This month I wanted to post something a little different. I've been using KDE for many moons now so my desktops, and the screenshots of it, always look basically the same. The icons, wallpaper, colors, and window decorations have changed, but being a creature of habit and having found what works for me, I never changed the layout much. I had hoped to do that this month. And in keeping with the spirit of the thread, I'm going to run fluxbox all April long and post my thoughts on using it here at tuxmachines at the end. I've been running fluxbox fulltime for not quite a week now as I type this (if you don't count my occasional look around and use of my laptop), which is why this article is entitled "Part 1".

The Setup

  • The Theme

I started with my Plain Jane v. 0.9.12 fluxbox desktop posted last month and the first thing I did was set a new wallpaper. The most fundamental aspect of any desktop is the wallpaper. You can get a glimpse into the personality of folks by the wallpaper they choose. (I'm going to leave that topic there as I could, and might, write an entire article on that.) The wallpaper is the foundation of any theme, it's the basis on which everything should be built. It shapes the colors, the mood, the icons sometimes, and the window decorations. It is also one of the easiest aspects to change in fluxbox.

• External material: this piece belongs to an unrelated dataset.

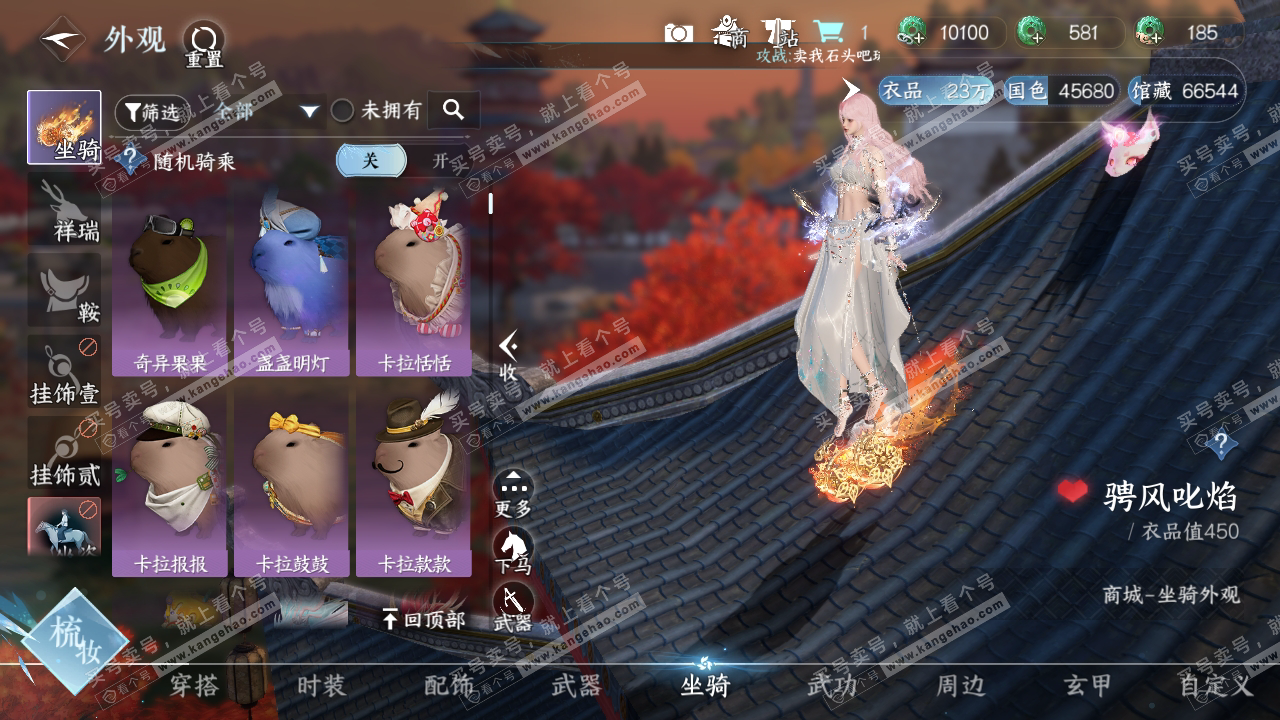 NSH314170逆水寒手游账号详情图16 NSH314170逆水寒手游账号详情图16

One has several choices in their method of setting a wallpaper. Fluxbox's own fbsetbg is a popular choice. Although as much as I can tell, it's a wrapper that probably calls to xsetbg to actually do the background. But if you're running fluxbox you should already have those two elements installed. Other options include wmsetbg, Esetroot, and feh.

I chose feh because of some of it's nice features. It can do a simple background set, but it can also do a slideshow, multiple images on the one screen, filelist sorting and loading, loading images via http, montage/collage creation and much much more. So one simply adds their command to the ~/.fluxbox/init file and wha-la > a nice background. For now mine looks like this:

session.screen0.rootCommand: feh
--bg-scale /mnt/oldhome/s/wallpapers/Fleur1280.jpg

For the colors I relied upon the theme manager of fluxbox at this time. I installed gentoo's fluxbox-theme package from an ebuild and had a nice large list of themes to choose from. I chose Nuevat3k-Bluenight. It's a nice bluish-darkgreenish style with small discrete window decorations and great looking menu effects.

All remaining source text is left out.